Hey everyone! I'm Ben, and I will be doing an AMA for Effective Giving Spotlight week. Some of my relevant background:
- In 2014 I cofounded a company for earning to give (EtG) reasons (largely inspired by 80k), which was later successfully acquired.
- Since late 2018 I have been doing direct work, currently as Interim Managing Director of CEA.
- (With a brief side project of founding a TikTok-related company which was similarly acquired, albeit for way less money.)
- I've had some other EtGish work experience (eight years as a software developer/middle manager, a couple months at Alameda Research) as well
- Additionally, I’ve talked to some people deciding between EtG and direct work because of my standing offer to talk to such folks, so I might have cached thoughts on some questions.
You might want to ask me about:
- Entrepreneurship
- Trade-offs between earning to give and “direct work”
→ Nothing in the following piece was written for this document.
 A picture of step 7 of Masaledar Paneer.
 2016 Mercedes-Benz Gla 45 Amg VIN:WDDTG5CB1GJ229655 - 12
- Cosmetics and skincare for those who (want to) look masculine
- TikTok
- Functional programming (particularly Haskell)
- Or one of my less useful projects
- Anything else (I might skip some questions)
I will plan to answer questions Thursday, November 9th. Post them as comments on this thread.
See also Jeff’s AMA, which is on a similar topic.
I understand if you can't answer this or can't provide a specific answer, but could you share:
1) approximately how much your companies were acquired for, and
2) how you've donated/managed the money since then (i.e. did you donate most of it ASAP and no longer donate much, or did you invest and now donate a steady amount each year, etc).
Thanks!
Unfortunately I can't disclose the acquisition price. I put donations into a DAF immediately after the acquisition, for tax reasons, but I think have distributed only ~20% so far. I also calculated that it was more tax effective to cut my salary than to donate to CEA and have that money go to my salary, so I did that (and didn't put some money into the DAF as a result).